Remember when we discussed the elements of what makes a “great school”? Well, here is what a great school would look like translated into an index score:
This prototypical great school has half of their students demonstrating growth in the top quartile of all students. Their achievement scores are double the statewide average, and their gaps are small. The great school only had a few behavioral issues that required out-of-school suspensions, and English language learners are demonstrating appropriate growth.

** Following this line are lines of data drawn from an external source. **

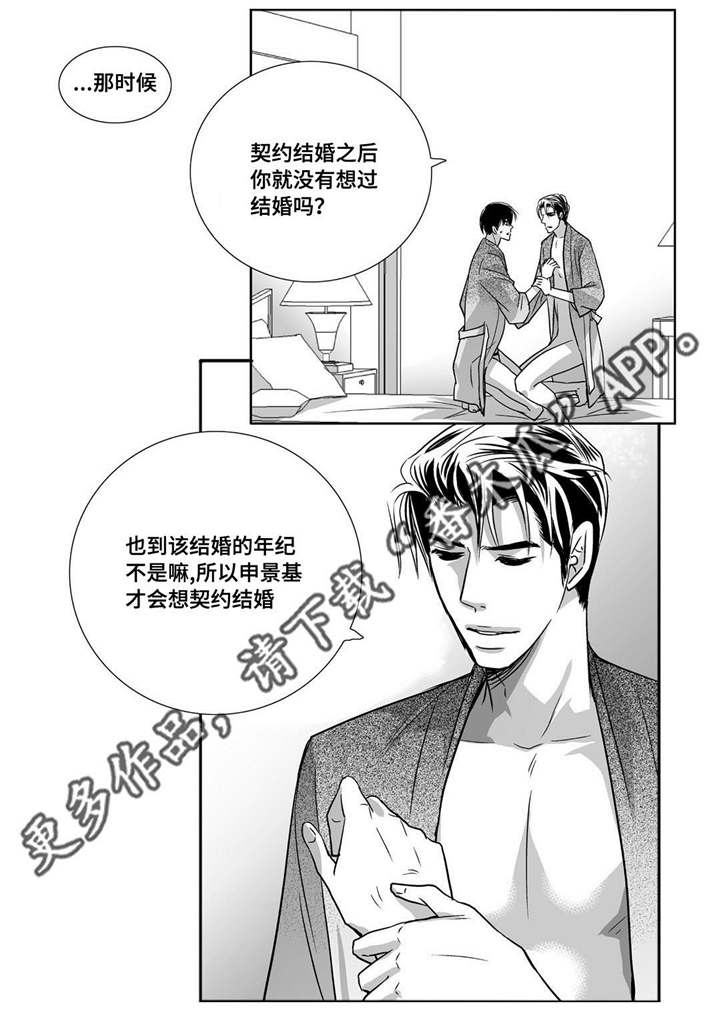第94章：我自己来0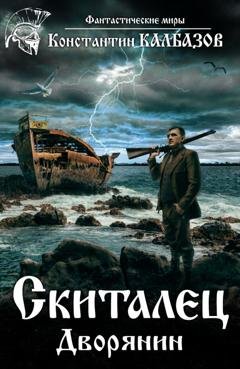 Обложка книги «Скиталец. Дворянин» — Константин Калбазов
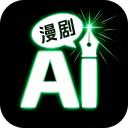 Deep漫剧短剧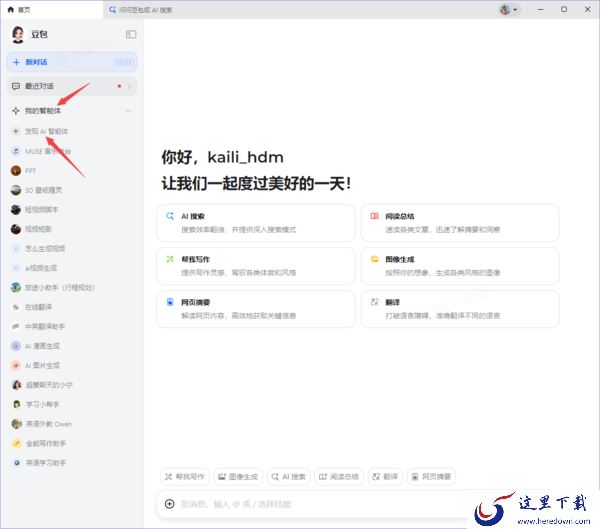 豆包怎么写悬疑小说_小说创作流程讲解
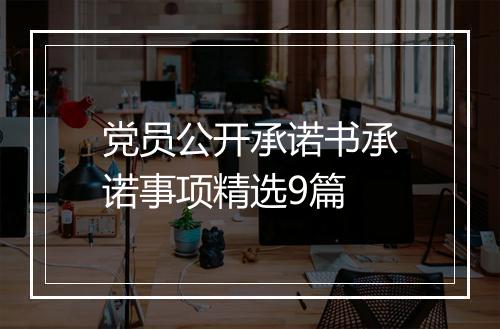 党员公开承诺书承诺事项精选9篇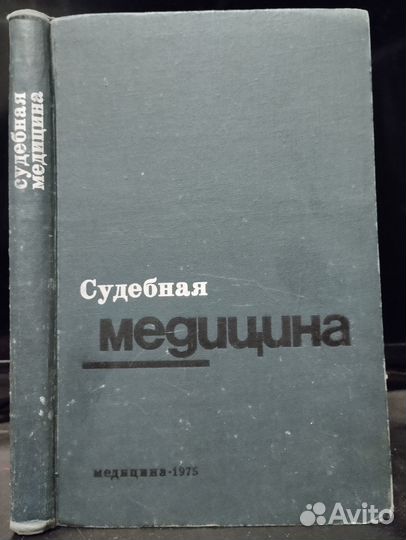 Судебная медицина 1975 г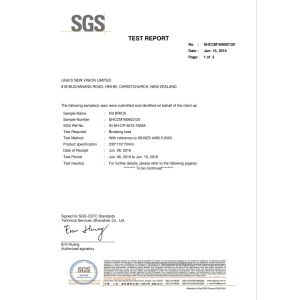 Wuxi Kunman International Trade Co.,Ltd Certifications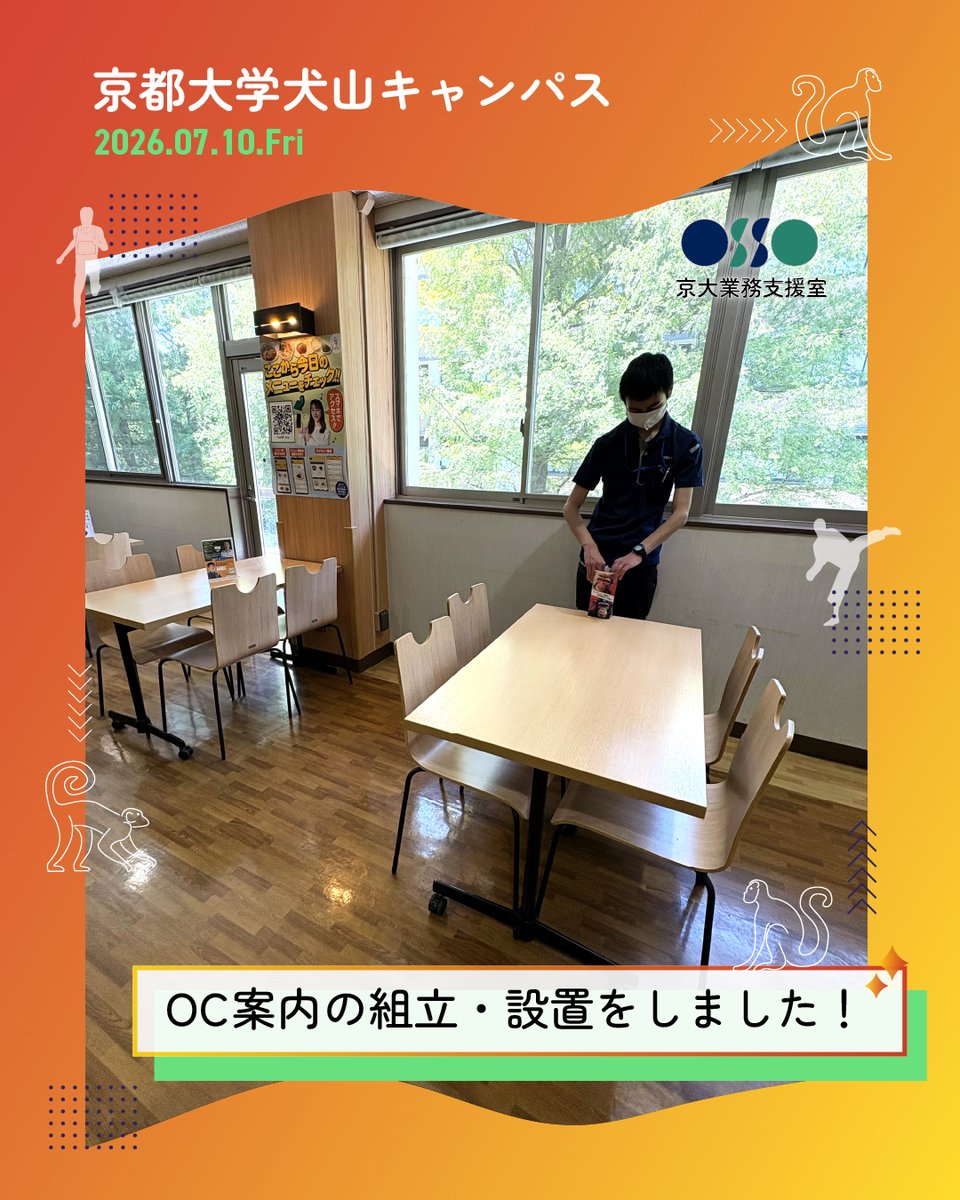 ossopd_ku's tweet photo. ヒト行動進化研究所の依頼で、京都大学犬山キャンパスのオープンキャンパス案内の三角柱の組み立て及び４食堂への設置を行いました。
どこが目立つか、室員で協力して設置しました。
（指導員I）
#京都大学業務支援室 #障害者雇用 https://t.co/pYl5V8JtHQ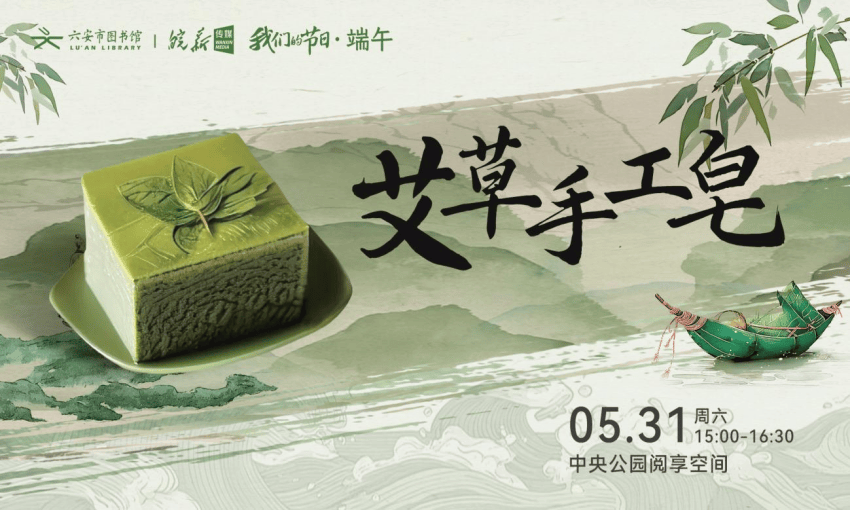 安市图书馆端午假期开馆公告及活动预告开元棋牌皖西博物馆、六安市文化馆、六(图26)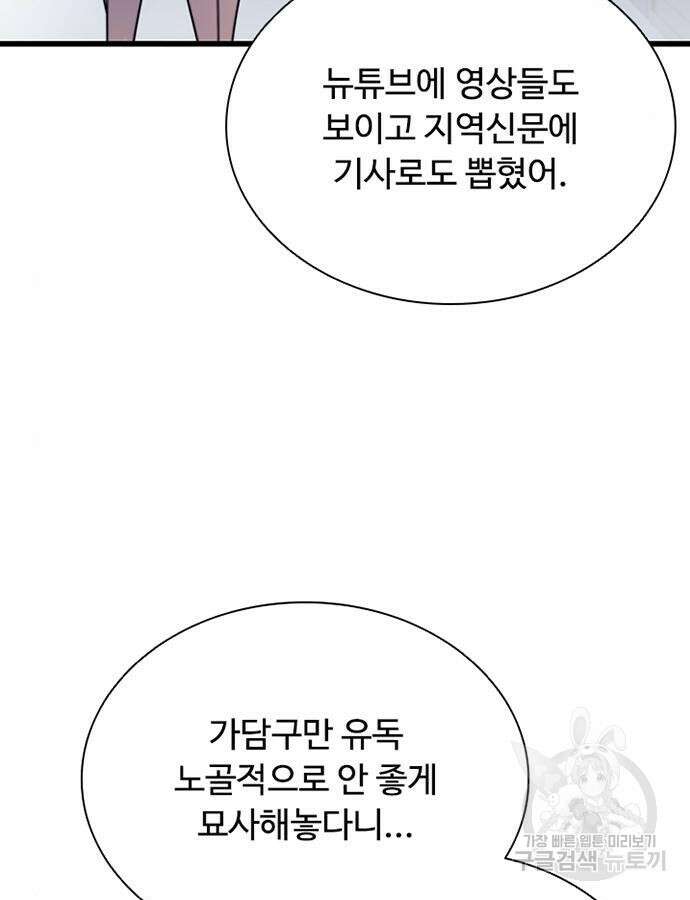 빌런투킬 79화 55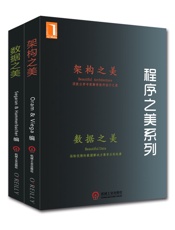 程序之美系列：架构之美、数据之美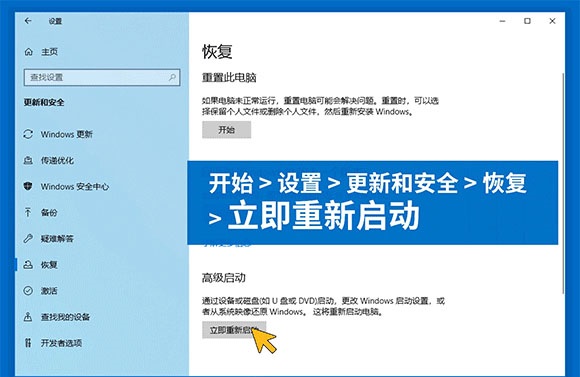 电脑开启tpm2.0教程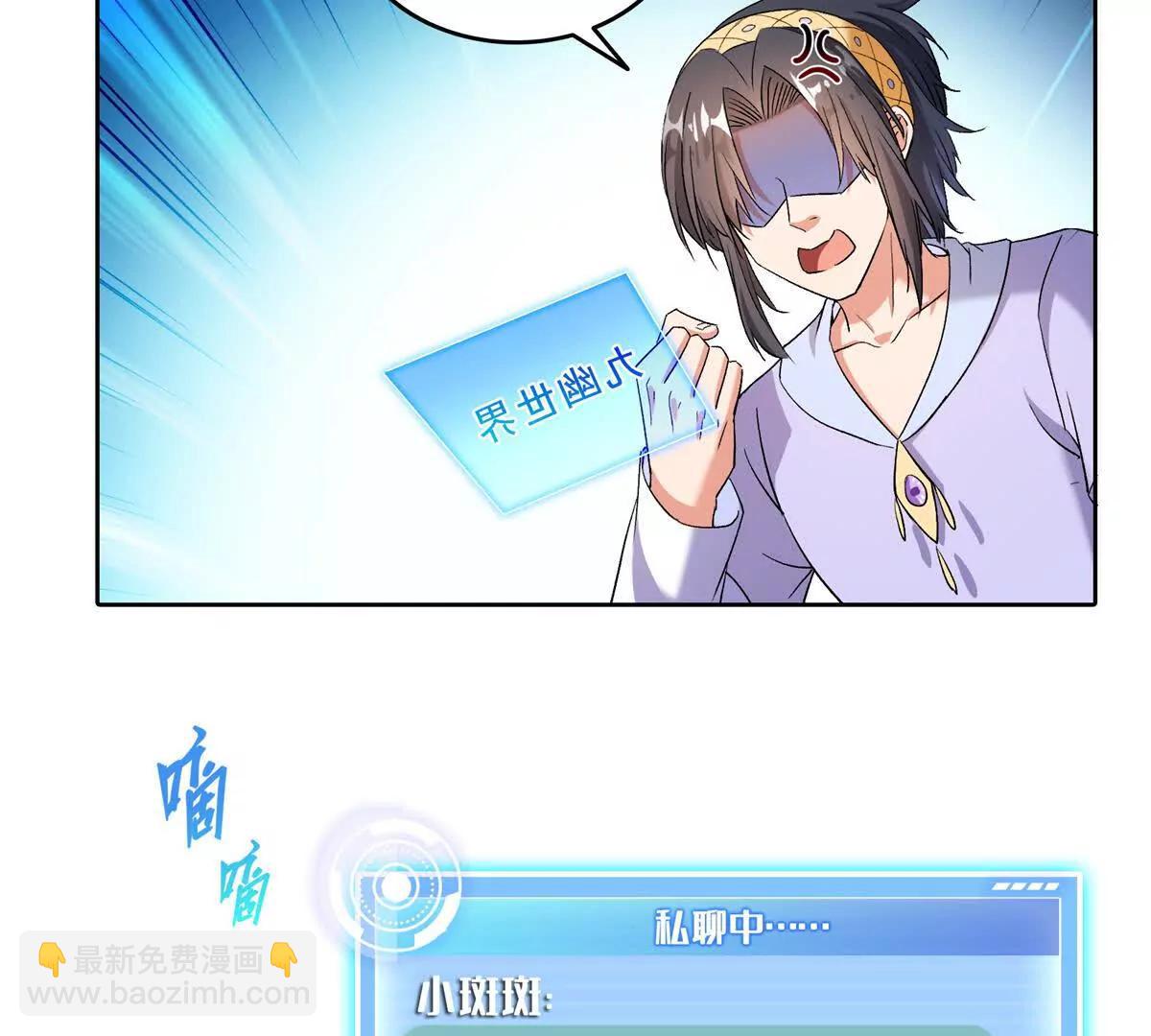 修真聊天羣 - 689歡迎斑紋龍前輩回九幽世界(1/2) - 3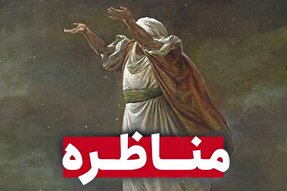 فتوتیتر | مناظرات علی‌بن‌موسی الرضا(ع)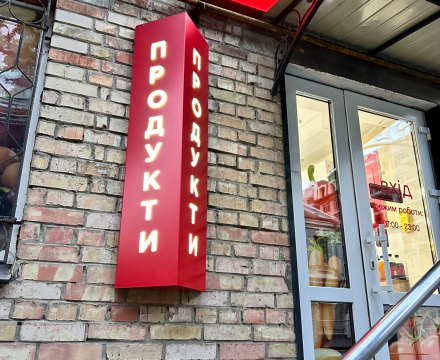 Вивіска продукти  двостороння з підсвіткою 140х30х30 см тип Лайтбокс, тетрайдер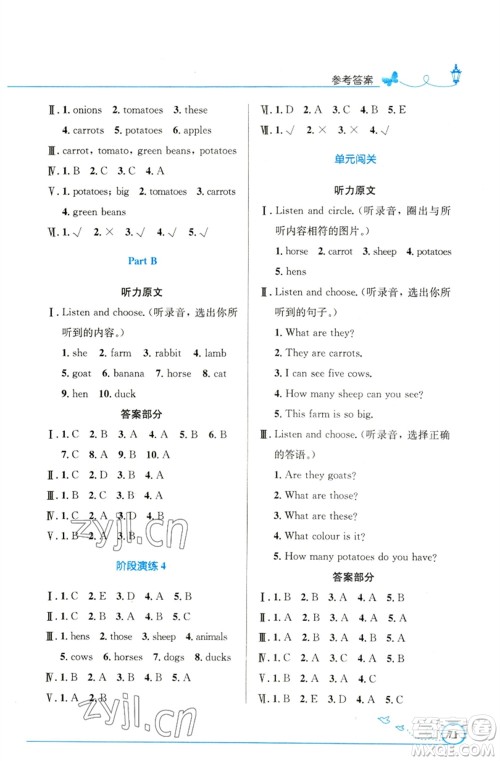 人民教育出版社2023小学同步测控优化设计四年级英语下册人教PEP版精编版参考答案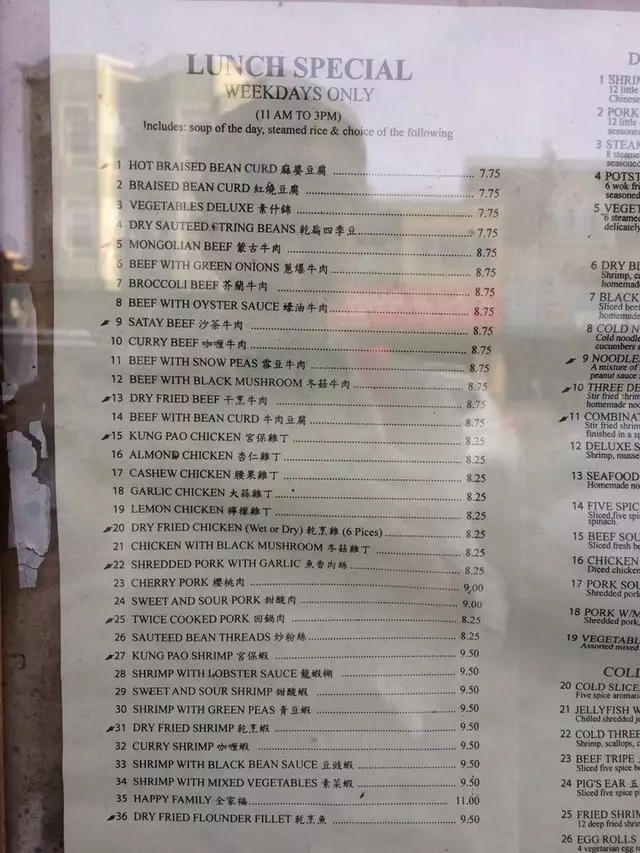 San Tung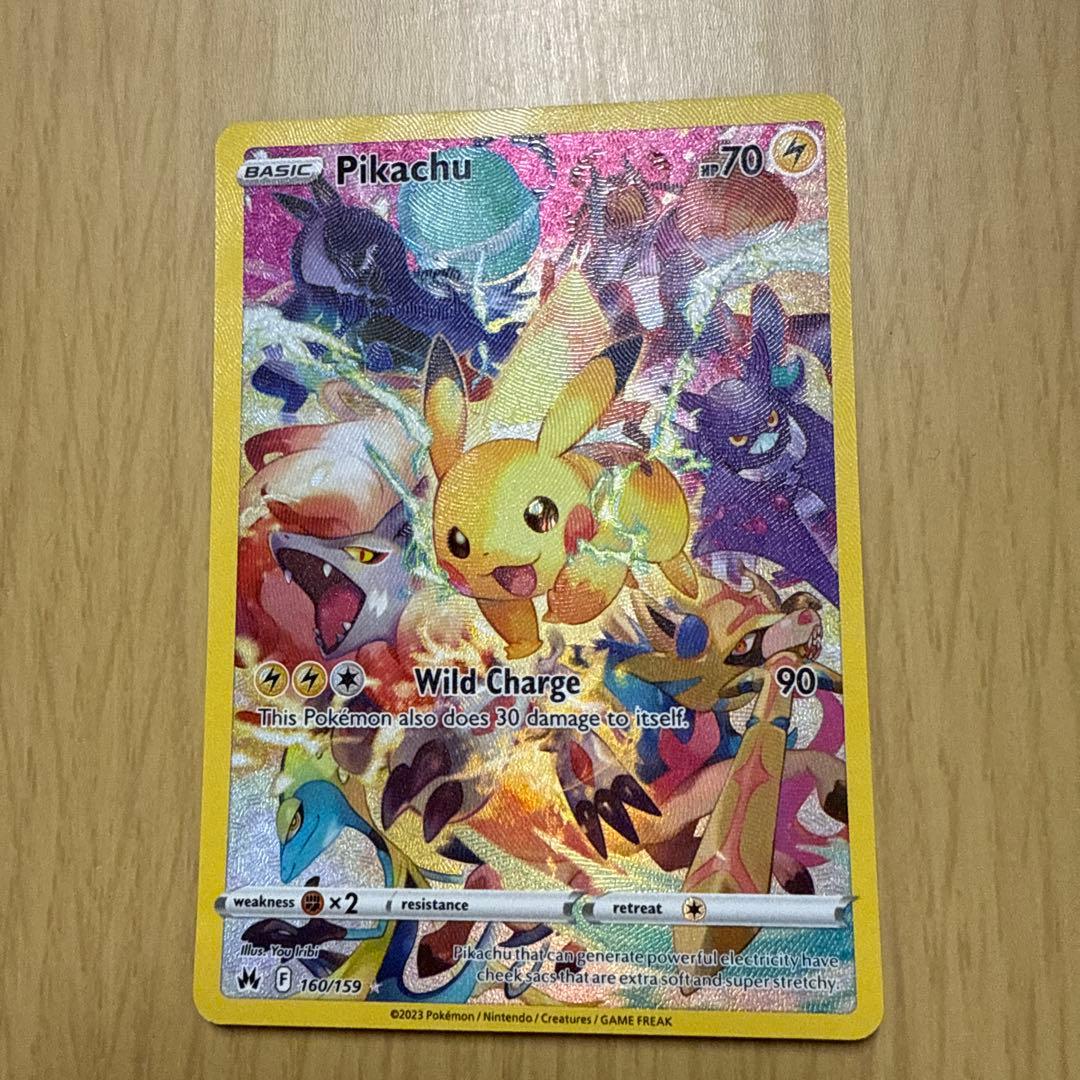 【専用】Pikachu 160/159 基本カード　英語版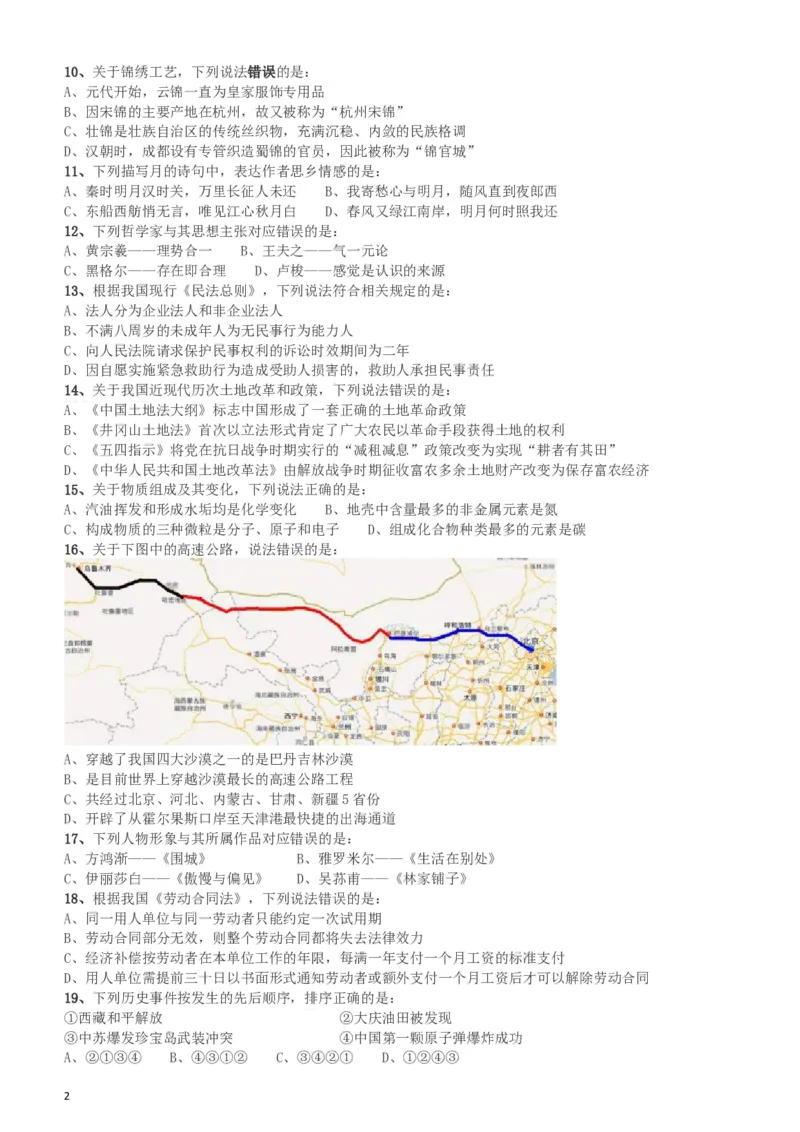 2018年新疆公务员考试《行测》真题（建设兵团）_34省+国考真题_此文件夹为word版,不推荐使用_此word版为,不推荐使用_此word版为,不推荐使用_题目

Using Index Scores and Non-academic Data to Project Future School Performance
The innovative component of our accountability design is not our use of a comprehensive index score (well, maybe a little bit “innovative” because of an emphasis on growth and growth gaps) rather that we propose to incorporate a whole slew of additional school-level data to project the probability a school can be a great school within the next three years. The most obvious factors in our advanced statistical model would be current composite index score, prior year index scores, and changes to index subscores. We also propose, using historical non-academic data to develop the model, the following variables (as examples, not an exhaustive list) be analyzed for significance and included if they help reduce the inherent entropy in identifying great schools:
- Average years of staff experience;
- Rate of staff turnover;
- School leadership changes and tenure;
- Student re-enrollment;
- Per-pupil spending rates;
- Number of instructional days on the school calendar;
- Presence of extended school day academic activities;
- Reported teacher quality indicators; and
- Student population demographics.
Each school would receive a composite probability that estimates the likelihood it will meet great school criteria within the next three years, and the state can use the model’s data to drive decisions about eligibility for comprehensive support and improvement services.
Schools with high probabilities of being great schools, which are likely already at or near seventy index points, would be considered “reward schools” and eligible for dissemination grants. Schools with lower probabilities, perhaps those with less than a 25 percent chance of future greatness, may be eligible for certain intervention opportunities, and depending on the greatest factors contributing to their lower probability could be asked to submit action plans targeting those specific factors. In some states and jurisdictions, schools with extremely low probabilities may be those to enter the school turnaround or revocation process.
EmpowerK12 believes this “big data” approach to projecting future school success will result in improved use of school improvement funds by targeting schools that truly need the additional support. States can also better differentiate among low performing schools, requiring districts to submit more aggressive action plans for schools with low growth and little current potential for improvement.